Demócrito describió la Luna como “un lugar con montañas, igual que la Tierra”. ¿Cómo, si no contaba con algún tipo de instrumento?
El filósofo griego Demócrito pudo describir la Luna como “un lugar con montañas, igual que la Tierra”, así como afirmar que la Vía Láctea es un inmenso conglomerado de estrellas, afirmaciones difíciles de entender si no contaba con algún tipo de instrumento, por rudimentario que fuese, para sustentarlas. Según nos relató Séneca, los babilonios ya conocieron la existencia de los cuatro satélites mayores de Júpiter, además del anillo de Saturno, al que llamaban Nirrosch. Decía el autor romano para observar objetos distantes, los babilonios usaban esferas de vidrio rellenas de agua. En otro periodo histórico algo menos lejano, nos encontramos con las 48 lentes pulidas que rescató Heinrich Schliemann (1822–1890) de las excavaciones arqueológicas deTroya (en la actual Turquía), todas ellas fabricadas aproximadamente en el siglo XIV a.C. Incluso una de ellas presentaba un orificio en el centro para que –supuestamente– el artesano pudiera introducir sus instrumentos y trabajase de manera más precisa.
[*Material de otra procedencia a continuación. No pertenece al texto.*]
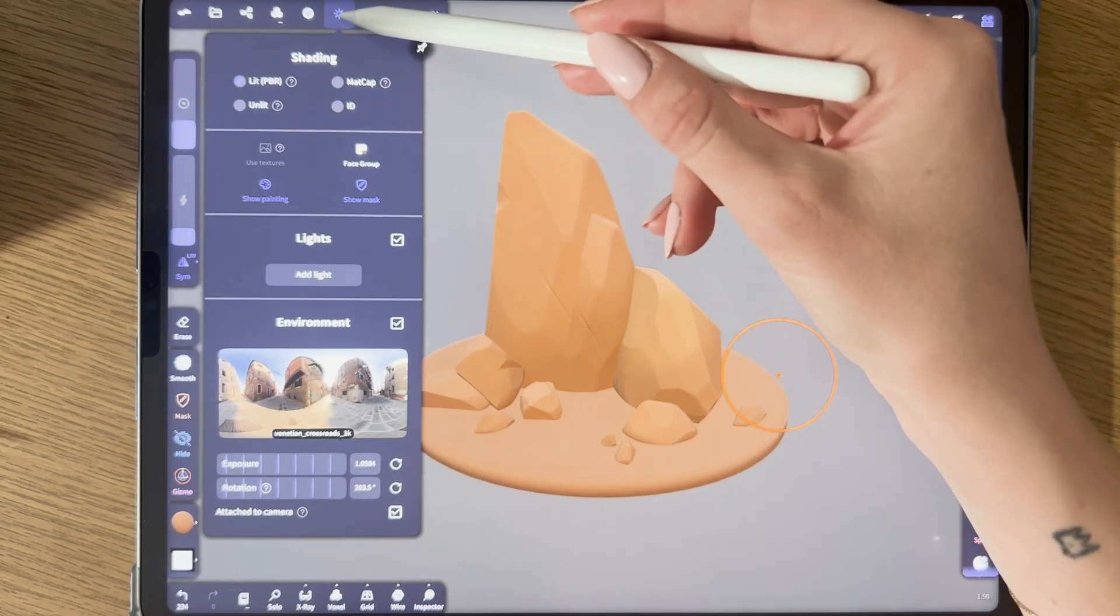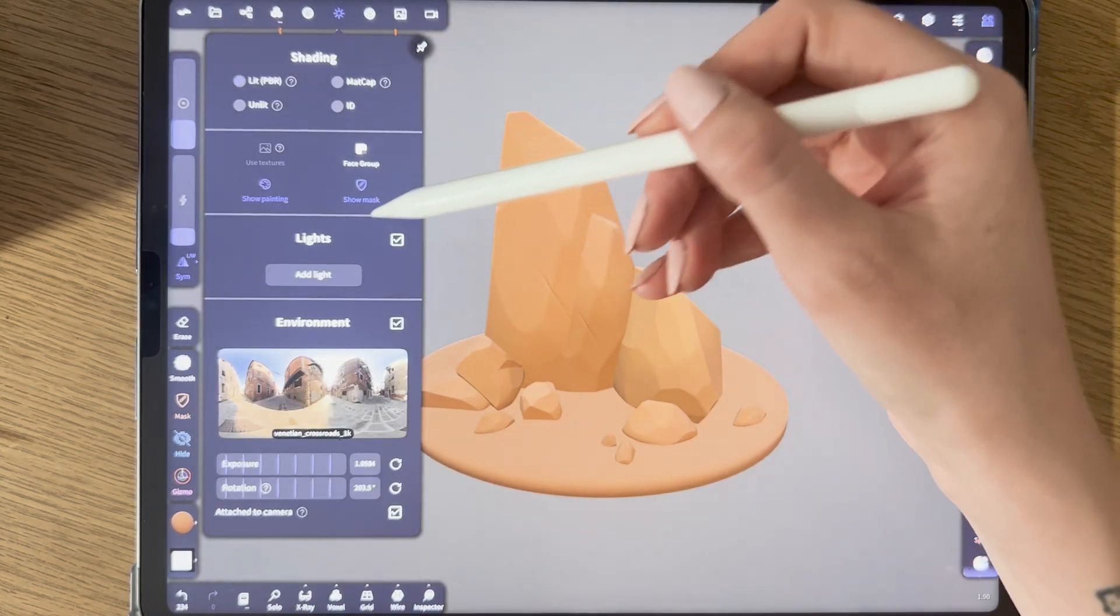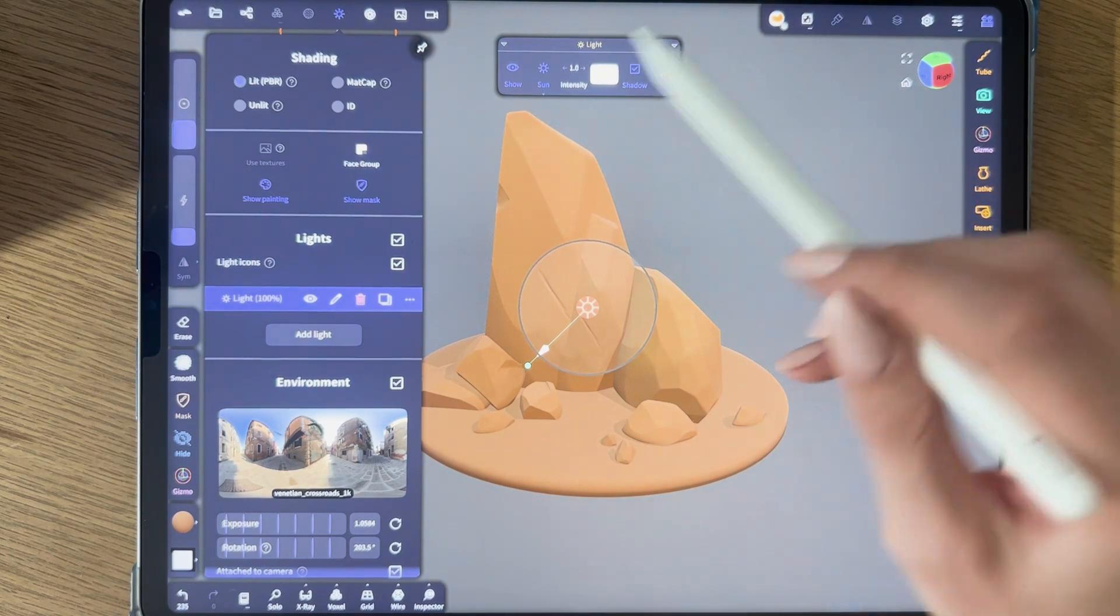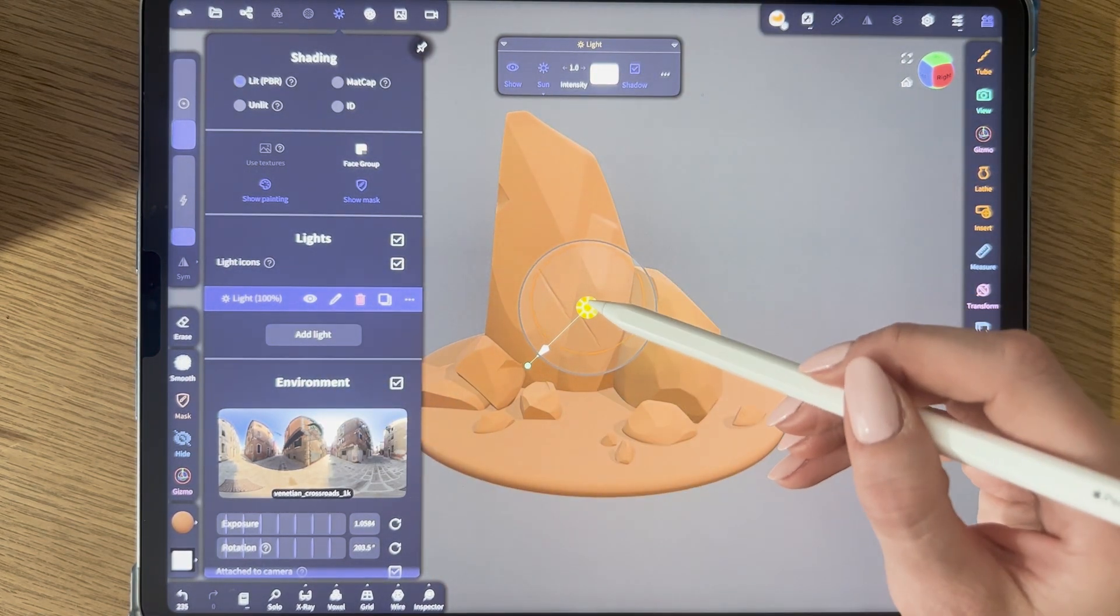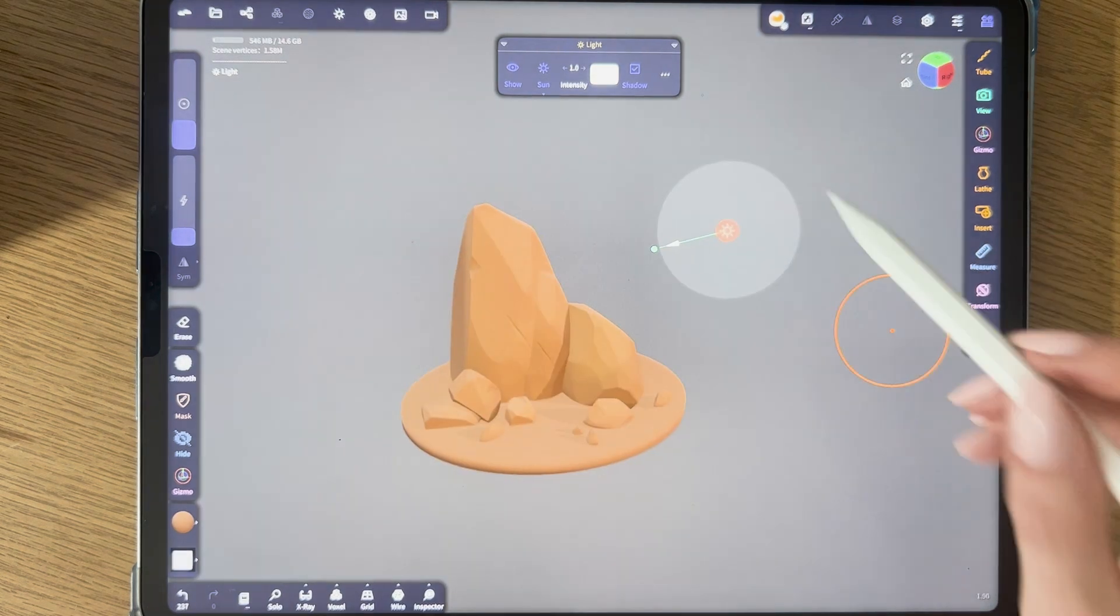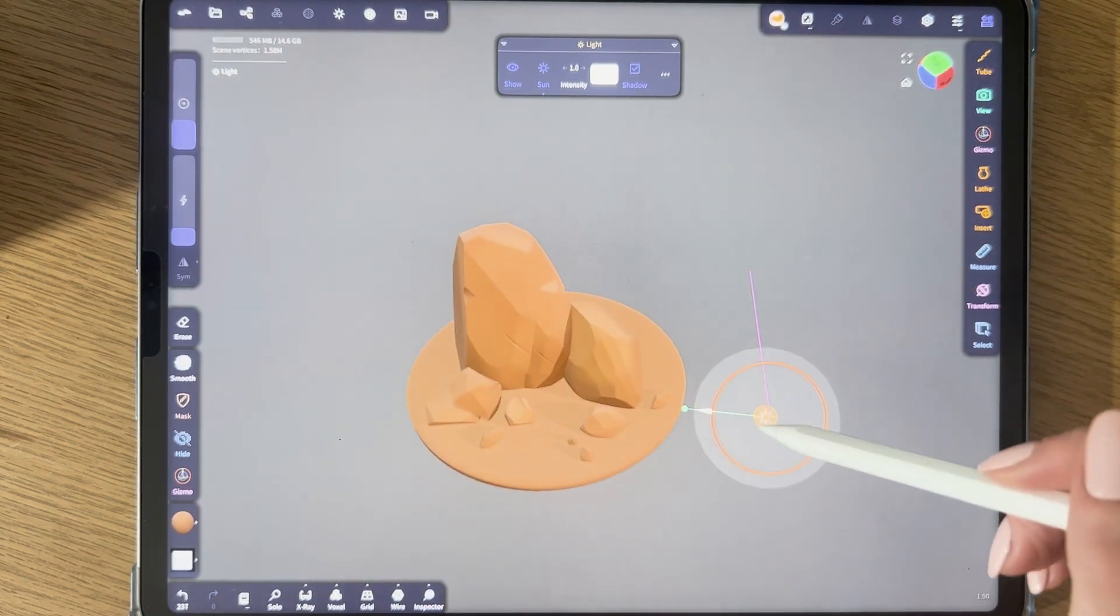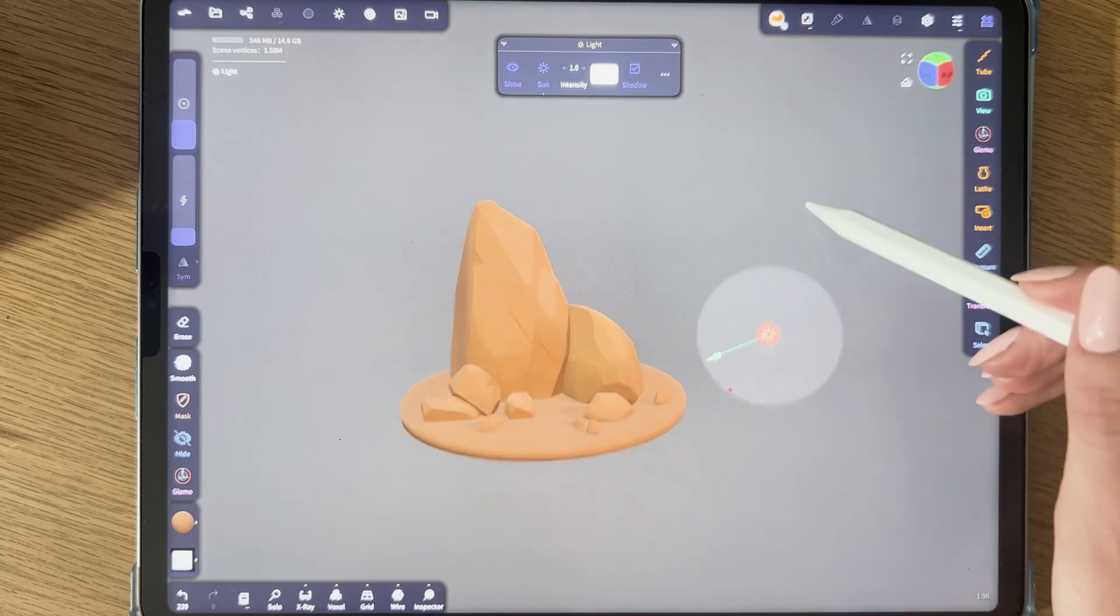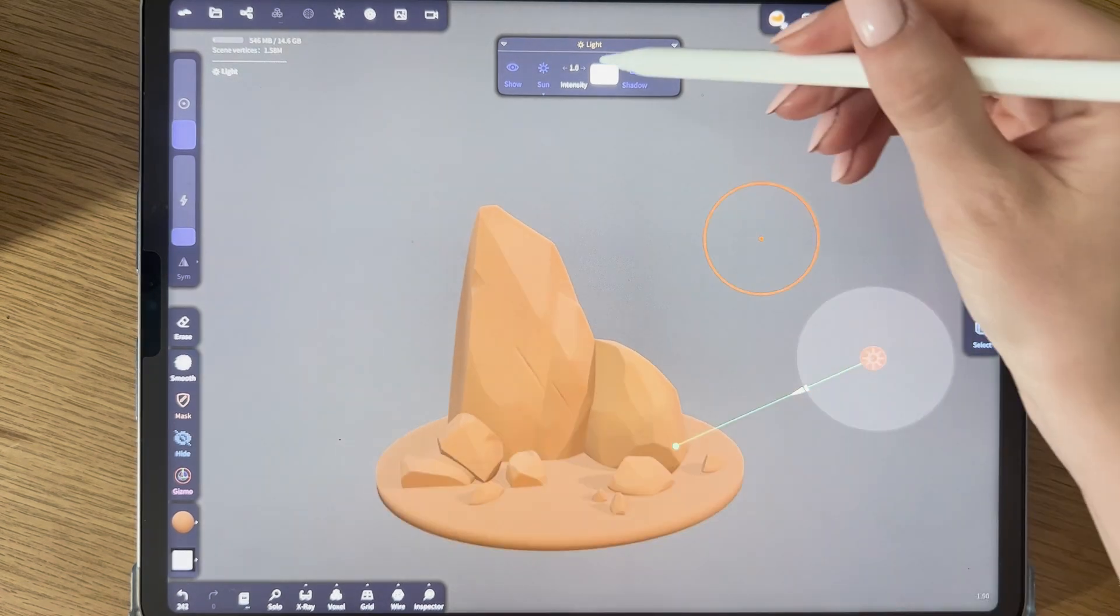Here you can find the lights. I'm going to add a light. It automatically adds a directional light type. You can turn off the shadows, but I like having the shadows, so that's up to you. You can change the distance. I like this.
Hiparco de Nicea (190–120 a. c.) registró un cambio en la orientación del eje de rotación de la Tierra –fenómeno hoy conocido como “precesión de los equinoccios”– de 45 segundos de arco por año, valor muy cercano al aceptado actualmente: algo más de cincuenta segundos de arco anuales. Aun cuando dijo haberse basado en tablas astronómicas anteriores, griegas y babilonias, sigue siendo sorprendente su capacidad de observación sin ayuda de instrumentos ópticos.
Otro hecho llamativo es que las pirámides de Dashur y Gizeh son las mejor orientadas entre las construcciones egipcias, con errores en torno a un cuarto de grado.
…conjeturaban que una presunta civilización desaparecida 9.000 años antes de nuestra era habría transmitido parte de sus logros por medio de mitos y tradiciones
Y el error de las pirámides de Keops y Kefrén es incluso menor. Si tenemos en cuenta que la imagen de la Luna visible a simple vista tiene un tamaño angular que es más del doble de esos valores, comprenderemos que errores tan pequeños en monumentos tan colosales resultan apenas explicables en términos del instrumental conocido en aquella época.
Tal vez estas perplejidades movieron a ciertos autores a especular con la posibilidad de antiquísimas civilizaciones fenecidas cuyos conocimientos no se extraviaron del todo, de forma que algunos de sus retazos justificasen estos hechos asombrosos que parecen no encajar en el marco cultural de épocas tan tempranas. Así lo hicieron los profesores Giorgio de Santillana y Hertha von Dechend en su libro Hamlet’s Mill. An Essay Investigating the Origins of Human Knowledge and Its Transmission Through Myth (1969). En sus páginas conjeturaban que una presunta civilización desaparecida 9000 años antes de nuestra era habría transmitido parte de sus logros por medio de los mitos y las tradiciones más tempranas en la mayoría de las culturas posteriores. La arqueología no apoya estas opiniones, por lo cual, hasta que obtengamos una evidencia más sólida, no pasan de ser interesantes, e intrigantes, elucubraciones.